This was a vote on am amendment offered by Rep. Flake (R-AZ) to H.R. 3081, the bill providing fiscal year 2010 funding for the Securities and Exchange Commission, the Small Business Administration, the federal courts and many other federal government operations. The amendment would have eliminated a $100,000 earmark in H.R. 3081 for the Activity Based Total Accountability Project of the Florida Institute of Technology in Melbourne, Florida. An earmark is a project that benefits only a specific constituency or geographic area, and which is inserted into a spending bill by an individual Member. A number of Republicans, of whom Rep. Flake was the most active, had been consistent critics of earmarks, and had been offering a series of amendments to remove them from spending bills.

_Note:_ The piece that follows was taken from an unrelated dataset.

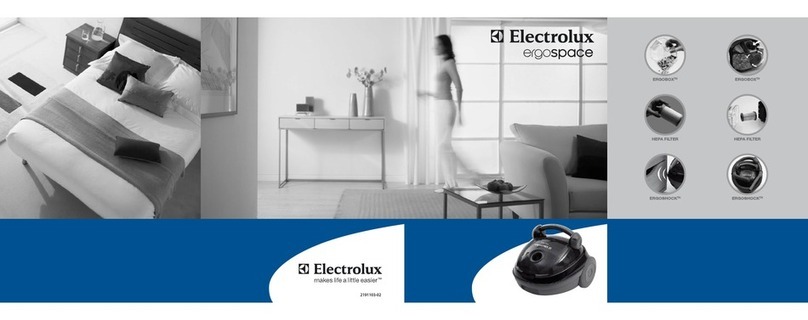 Electrolux Ergospace Series User manual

Rep. Flake noted in his statement in support of the amendment that the earmarked funds are “to be used for, quote, activity-based total accountability.” He then said “I find it ironic that we are using the least accountable system, (earmarks), for distributing funds in order to increase transparency somewhere else. At some point, we are all going to scratch our heads and say, wouldn't it be better when we are running at what could be a $2 trillion deficit this year to actually save the money and not spend it and concede to the taxpayers we can't continue to go on this way?”
Rep. Culberson (R-TX), a Republican member of the Appropriations Committee subcommittee that developed H.R. 3170, opposed the amendment. He said: “(O)n a bipartisan basis, we have scrutinized thousands of Members' requests and recommended funding for those projects that the committee believes are most meritorious. In addition, the Small Business Administration was given an opportunity to vet this project and provided the committee with no negative feedback regarding the project or the grantee.”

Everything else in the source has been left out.